──────── Data extract ────────

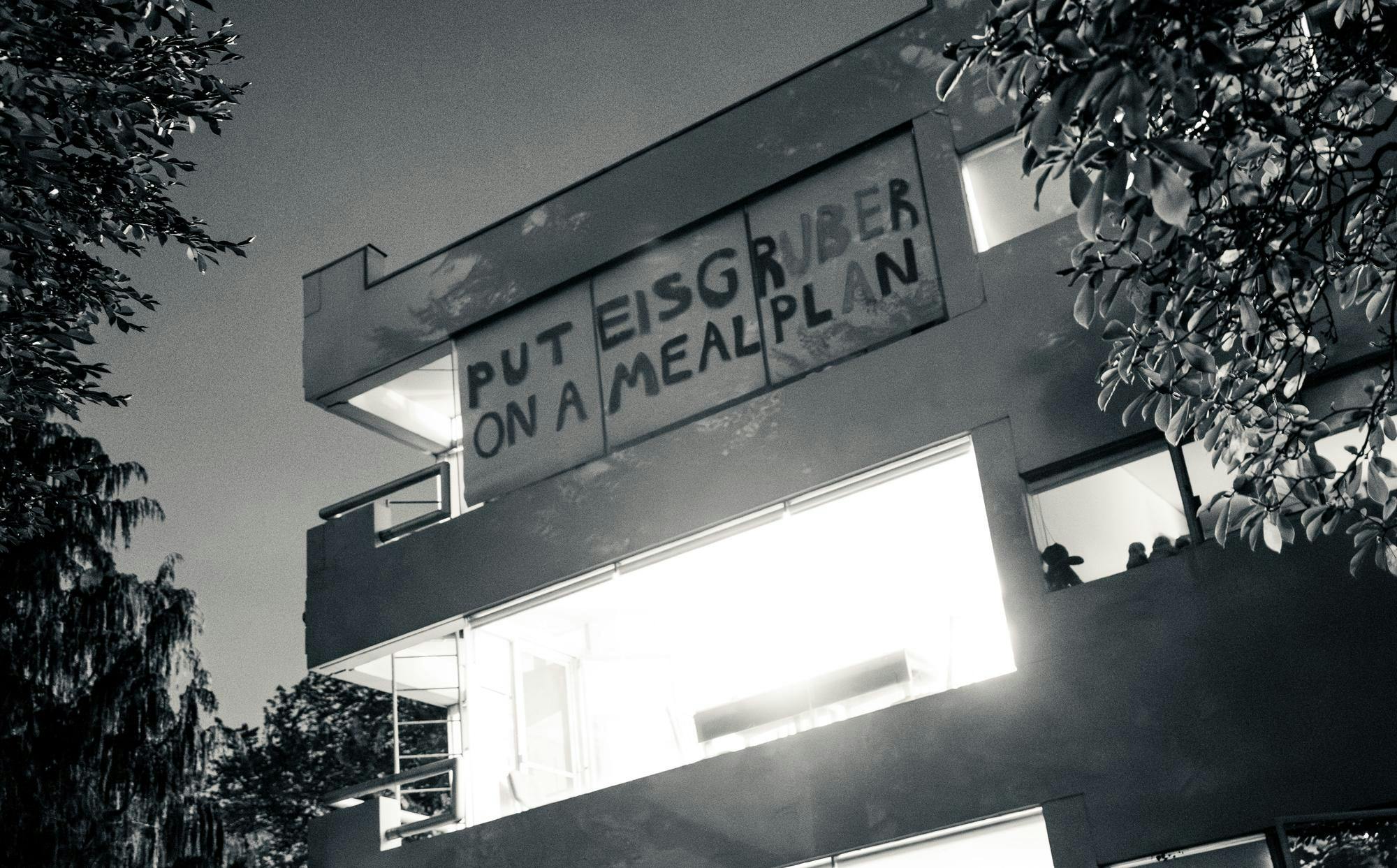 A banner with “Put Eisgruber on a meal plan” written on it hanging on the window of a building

────────
──────── Data extract ────────

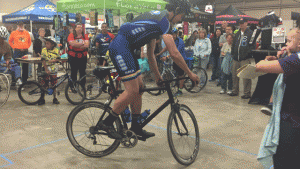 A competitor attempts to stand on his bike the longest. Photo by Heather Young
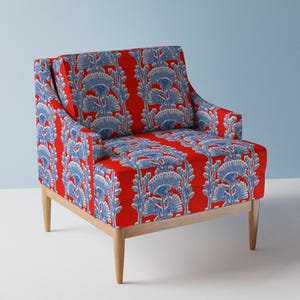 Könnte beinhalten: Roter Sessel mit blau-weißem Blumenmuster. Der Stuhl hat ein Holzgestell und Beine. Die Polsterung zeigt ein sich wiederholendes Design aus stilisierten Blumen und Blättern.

────────
──────── Data extract ────────

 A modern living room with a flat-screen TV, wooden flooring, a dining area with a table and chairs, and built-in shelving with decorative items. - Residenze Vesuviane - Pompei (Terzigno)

────────

Task brief: Return exactly the stretch above whose first line contains "A competitor attempts" and whose last line contains "Könnte beinhalten: Roter", and nothing outside it. The pictures should not appear.

Answer to the exercise:
 A competitor attempts to stand on his bike the longest. Photo by Heather Young
 Könnte beinhalten: Roter Sessel mit blau-weißem Blumenmuster. Der Stuhl hat ein Holzgestell und Beine. Die Polsterung zeigt ein sich wiederholendes Design aus stilisierten Blumen und Blättern.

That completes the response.